2023-10-19

Attending: Sanket Verma (SV), Mark Kittisopikul (MK), Ward Fisher (WF), Davis Bennett (DB), Norman Rzepka (NR), Isaac Virshup (IV)

TL;DR:

In this meeting, the attendees discussed updates on ZEP0002, with a focus on potential changes related to handling checksums and compatibility with Kerchunk. ZEP0006 (Zarr Object Model) discussions included the suggestion of obtaining a JSON schema for ZOM and the idea of a separate ZEP for serializing children metadata. Additionally, there were considerations about namespacing codecs, discussions on ZEP0003 progress, and the potential adoption of HDF filters in Zarr.

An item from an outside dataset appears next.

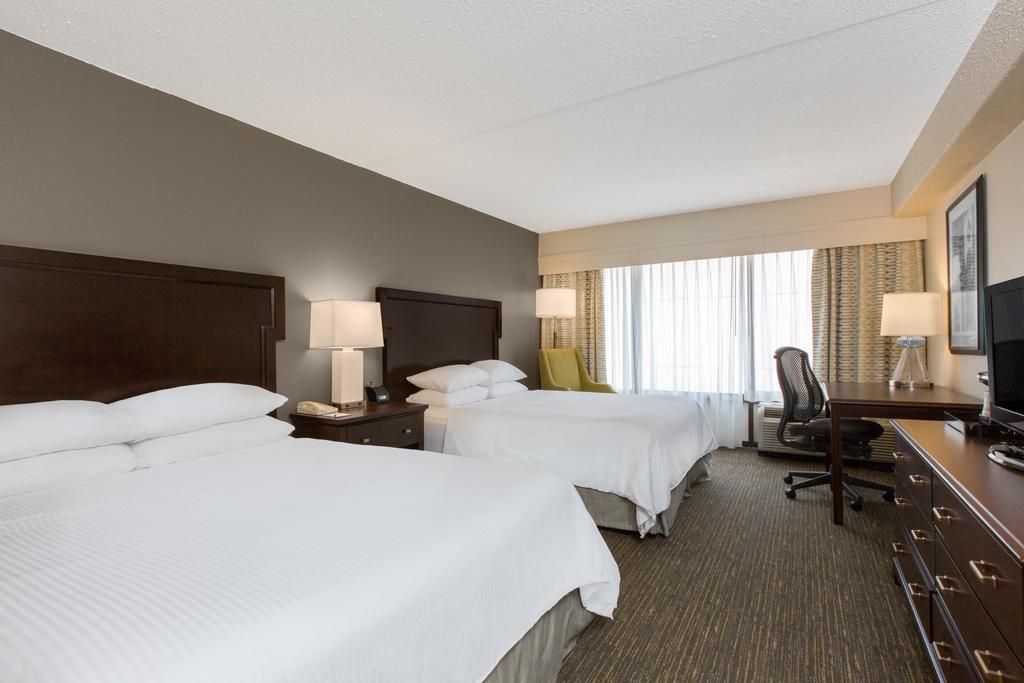 Wyndham Philadelphia-Historic District Hotel Екстериор снимка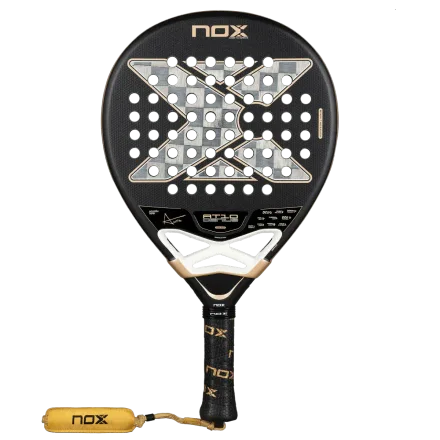 Nox Paleta Padel AT10 Genius 18K Alum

The meeting also touched on accommodating changes to ZEP0001 and the upcoming ZEP0002 voting deadline on October 31.

Updates:

Meeting Minutes:

  • MK: Changes to ZEP0001 are still coming in - how do we handle them?
    • SV: ZEP1 was provisionally accepted but not at the final stage
    • NR: These changes are minor and would need voting from ZIC
    • MK: Mention potential grace period in ZEP0000 would be helpful
    • NR: Needs to be written out!
  • MK: Zarr shards as HDF5 file
    • ZEP0002 should proceed as it is atm
    • Having a null codec to ignore the checksum would be helpful - can work on this
    • Recent numcodecs release helps a lot - getting Jenkins lookup checksum
    • Relation with ZEP0002 and Kerchunk?
    • NR: Don’t know if there is
    • IV: Zarrita can read the HDF5 file using Kerchunk
  • IV: Multiple arrays in a single Zarr shard
    • NR: I don’t think it’ll be possible
  • DB: Why the chunks in the directory called C?
    • NR: Helps when when scanning down the groups and arrays
  • DB: Any questions for ZEP0006?
    • NR: Getting a JSON schema out of the ZEP0006 would be helpful
    • DB: This would also help us to get a container level validation
    • IV: How differs from consolidated metadata?
    • DB: Consolidated metadata
    • NR: Serializing children metadata would be helpful - could be a different ZEP
    • DB: Flattening array
    • DB: Pydantic-Zarr would have the reference implementation for ZOM
  • ZEP0002 discussions at Unidata
    • Mostly going for ‘Yes’ - but looking for resources who can handle and complete it
  • MK: NetCDF has adopted HDF filters? Making a part of Zarr filters?
  • DB: Getting away from storing F9 transformations in metadata
  • IV: Thoughts on namespacing codecs?
    • NR: Would be helpful
    • WF: The overhead of maintenance and administration is daunting - experience from Unidata - How would I guarantee that information would be there in 10 years?
    • IV: Pointing at URI where the codec is defined - Having this in Zenodo would be helpful
  • IV: ZEP0003 progress
    • SV: Waiting for technical review - would help if Martin/IV could make it the ZEP meetings to raise the discussion
    • IV: Sure